# [Data section]

=== Begin Enclosure ===

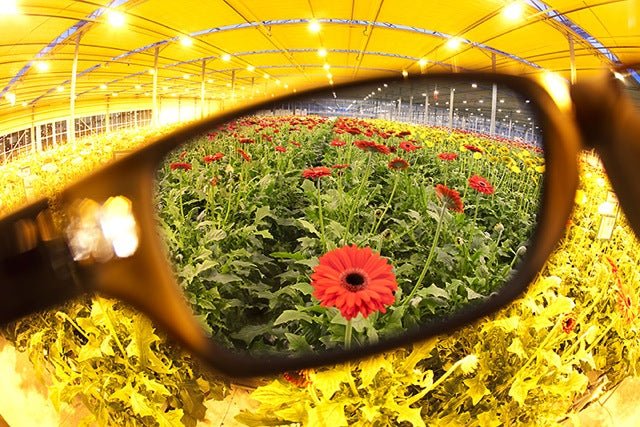 Method Seven Rendition Camera Photo Filter - HPS - BetterGrow Hydro
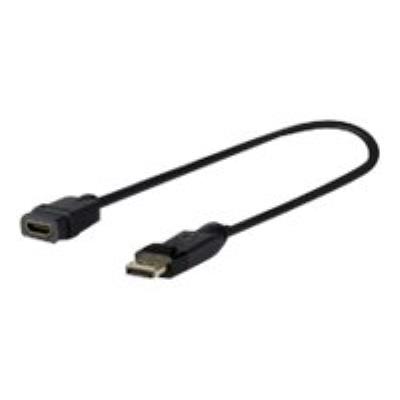 VivoLink Pro HDMI-adapter - DisplayPort / HDMI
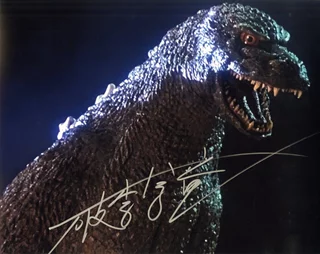 Hurricane Ryu Hariken autograph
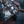 Buste d'Edward Kenway à l'échelle 1/4 - Assassin’s Creed Black Flag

=== End Enclosure ===

# [What the exercise asks]
The material above is to be set down exactly, with pictures removed.

# [Exercise response]
 Method Seven Rendition Camera Photo Filter - HPS - BetterGrow Hydro
 VivoLink Pro HDMI-adapter - DisplayPort / HDMI
 Hurricane Ryu Hariken autograph
 Buste d'Edward Kenway à l'échelle 1/4 - Assassin’s Creed Black Flag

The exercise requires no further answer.